Дмитрий Александрович предложил издательствам наименее острые, как ему казалось, повести – «Превращение», «Пучину» и «Человечность». В «Советском писателе» рукописи рецензировали корифеи соцреализма Кузьма Горбунов и Николай Атаров, а также не понаслышке знавший о репрессиях Олег Волков (отсидел в тюрьмах и лагерях 25 лет, в Союз писателей СССР был принят по рекомендации Сергея Михалкова). Перевесило мнение первых, и «Пир бессмертных» отклонили. [403]

То, на что осмелился главред «Нового мира» Александр Твардовский, в других местах повторять не рисковали. Роман «Жизнь и судьба» Василия Гроссмана, рукопись которого КГБ изъял в феврале 1961 года, так и оставался лежать где-то на Лубянке.
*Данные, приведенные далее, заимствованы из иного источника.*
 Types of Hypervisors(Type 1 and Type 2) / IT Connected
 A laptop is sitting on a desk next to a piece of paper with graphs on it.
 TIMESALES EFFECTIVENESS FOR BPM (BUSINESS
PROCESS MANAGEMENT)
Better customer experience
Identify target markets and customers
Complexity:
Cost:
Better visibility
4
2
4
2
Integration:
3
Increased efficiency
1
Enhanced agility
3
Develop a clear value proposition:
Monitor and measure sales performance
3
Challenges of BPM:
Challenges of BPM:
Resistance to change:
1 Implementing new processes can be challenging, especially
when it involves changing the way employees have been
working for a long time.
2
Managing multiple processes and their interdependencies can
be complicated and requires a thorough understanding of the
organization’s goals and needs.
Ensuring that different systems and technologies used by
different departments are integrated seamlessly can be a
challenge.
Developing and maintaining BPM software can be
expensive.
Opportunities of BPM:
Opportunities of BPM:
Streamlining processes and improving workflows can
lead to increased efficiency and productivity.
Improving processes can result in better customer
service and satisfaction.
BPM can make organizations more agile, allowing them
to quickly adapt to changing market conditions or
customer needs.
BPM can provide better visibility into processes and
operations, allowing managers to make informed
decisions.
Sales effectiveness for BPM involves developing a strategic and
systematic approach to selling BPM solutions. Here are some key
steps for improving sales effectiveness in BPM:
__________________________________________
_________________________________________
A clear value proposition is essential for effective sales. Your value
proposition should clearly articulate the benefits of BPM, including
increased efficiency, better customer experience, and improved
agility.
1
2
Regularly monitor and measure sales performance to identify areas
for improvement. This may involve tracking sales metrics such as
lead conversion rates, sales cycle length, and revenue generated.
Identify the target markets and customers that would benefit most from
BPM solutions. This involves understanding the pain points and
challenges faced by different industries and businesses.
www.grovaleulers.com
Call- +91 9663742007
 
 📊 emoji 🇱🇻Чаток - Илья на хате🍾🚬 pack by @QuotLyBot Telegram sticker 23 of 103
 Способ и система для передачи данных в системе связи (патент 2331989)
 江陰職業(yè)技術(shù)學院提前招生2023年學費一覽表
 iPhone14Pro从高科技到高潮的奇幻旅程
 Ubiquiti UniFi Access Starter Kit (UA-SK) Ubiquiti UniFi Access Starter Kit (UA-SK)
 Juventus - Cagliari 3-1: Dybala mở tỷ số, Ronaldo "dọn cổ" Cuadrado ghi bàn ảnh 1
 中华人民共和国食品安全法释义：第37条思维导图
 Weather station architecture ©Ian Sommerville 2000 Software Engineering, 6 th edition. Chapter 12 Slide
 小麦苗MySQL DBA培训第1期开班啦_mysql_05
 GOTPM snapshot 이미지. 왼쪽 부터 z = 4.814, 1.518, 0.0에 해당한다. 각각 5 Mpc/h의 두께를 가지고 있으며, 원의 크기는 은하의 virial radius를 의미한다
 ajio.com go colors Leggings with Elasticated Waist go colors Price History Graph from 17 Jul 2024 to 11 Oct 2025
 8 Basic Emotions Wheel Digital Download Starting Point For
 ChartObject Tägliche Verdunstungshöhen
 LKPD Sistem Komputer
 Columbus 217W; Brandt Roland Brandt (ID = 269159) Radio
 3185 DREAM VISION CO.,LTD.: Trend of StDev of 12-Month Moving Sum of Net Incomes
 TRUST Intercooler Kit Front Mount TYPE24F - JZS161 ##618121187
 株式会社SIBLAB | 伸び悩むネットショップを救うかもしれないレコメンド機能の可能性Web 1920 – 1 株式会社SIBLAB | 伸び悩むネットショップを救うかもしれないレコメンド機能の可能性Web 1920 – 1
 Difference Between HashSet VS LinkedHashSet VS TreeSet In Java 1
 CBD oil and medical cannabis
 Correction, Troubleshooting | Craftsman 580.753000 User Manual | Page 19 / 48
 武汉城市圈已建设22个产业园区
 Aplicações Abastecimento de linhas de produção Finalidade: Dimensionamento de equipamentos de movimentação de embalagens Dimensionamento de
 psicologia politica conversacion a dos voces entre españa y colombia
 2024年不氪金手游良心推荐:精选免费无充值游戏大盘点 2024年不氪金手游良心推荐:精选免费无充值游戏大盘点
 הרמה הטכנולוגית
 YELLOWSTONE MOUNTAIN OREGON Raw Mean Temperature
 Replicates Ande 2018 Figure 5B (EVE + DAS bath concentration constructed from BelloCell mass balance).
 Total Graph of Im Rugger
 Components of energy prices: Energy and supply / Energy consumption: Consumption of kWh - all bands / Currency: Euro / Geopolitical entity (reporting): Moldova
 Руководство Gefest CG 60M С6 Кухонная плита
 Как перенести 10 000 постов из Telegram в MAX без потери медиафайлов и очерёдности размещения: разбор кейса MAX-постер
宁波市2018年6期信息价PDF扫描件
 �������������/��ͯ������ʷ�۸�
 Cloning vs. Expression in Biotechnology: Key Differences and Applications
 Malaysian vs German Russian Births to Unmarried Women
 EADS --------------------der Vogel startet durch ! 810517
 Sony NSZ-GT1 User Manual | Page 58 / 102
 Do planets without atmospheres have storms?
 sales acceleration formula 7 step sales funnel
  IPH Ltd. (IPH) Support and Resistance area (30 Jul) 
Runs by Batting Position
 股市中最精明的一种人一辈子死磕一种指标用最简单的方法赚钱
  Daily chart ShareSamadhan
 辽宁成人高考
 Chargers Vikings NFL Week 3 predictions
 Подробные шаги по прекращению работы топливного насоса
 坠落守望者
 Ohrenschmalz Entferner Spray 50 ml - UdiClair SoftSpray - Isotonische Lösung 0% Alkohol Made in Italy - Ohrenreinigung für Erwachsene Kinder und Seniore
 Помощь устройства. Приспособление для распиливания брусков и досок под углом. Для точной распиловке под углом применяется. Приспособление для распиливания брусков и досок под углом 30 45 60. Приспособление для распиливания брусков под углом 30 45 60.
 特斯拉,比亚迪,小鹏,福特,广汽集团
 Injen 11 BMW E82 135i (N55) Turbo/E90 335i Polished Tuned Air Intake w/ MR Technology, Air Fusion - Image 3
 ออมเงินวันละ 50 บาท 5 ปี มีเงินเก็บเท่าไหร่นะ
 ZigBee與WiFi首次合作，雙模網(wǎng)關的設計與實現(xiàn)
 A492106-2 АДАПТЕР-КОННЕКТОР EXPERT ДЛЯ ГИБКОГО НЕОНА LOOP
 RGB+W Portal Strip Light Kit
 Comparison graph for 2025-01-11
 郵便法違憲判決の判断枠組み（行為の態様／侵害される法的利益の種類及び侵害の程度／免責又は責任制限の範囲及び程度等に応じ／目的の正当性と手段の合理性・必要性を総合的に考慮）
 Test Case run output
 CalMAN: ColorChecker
После XXII съезда КПСС автор обратился с письмом к Хрущеву, но был приглашен к секретарю ЦК КПСС Михаилу Суслову и услышал, что «публикация этого произведения нанесет вред коммунизму, Советской власти, советскому народу». [404]

Варлам Шаламов в ноябре 1962 года подал заявку в издательство «Советский писатель», приложив к ней рассказы колымского цикла; ответ был таким:

«Лагерная тема, взятая Вами в основу сборника, очень сложна, и, чтобы она была правильно понята, необходимо серьезно разобраться в причинах и следствиях описываемых событий. На наш взгляд, герои Ваших рассказов лишены всего человеческого, а авторская позиция антигуманистична». [405]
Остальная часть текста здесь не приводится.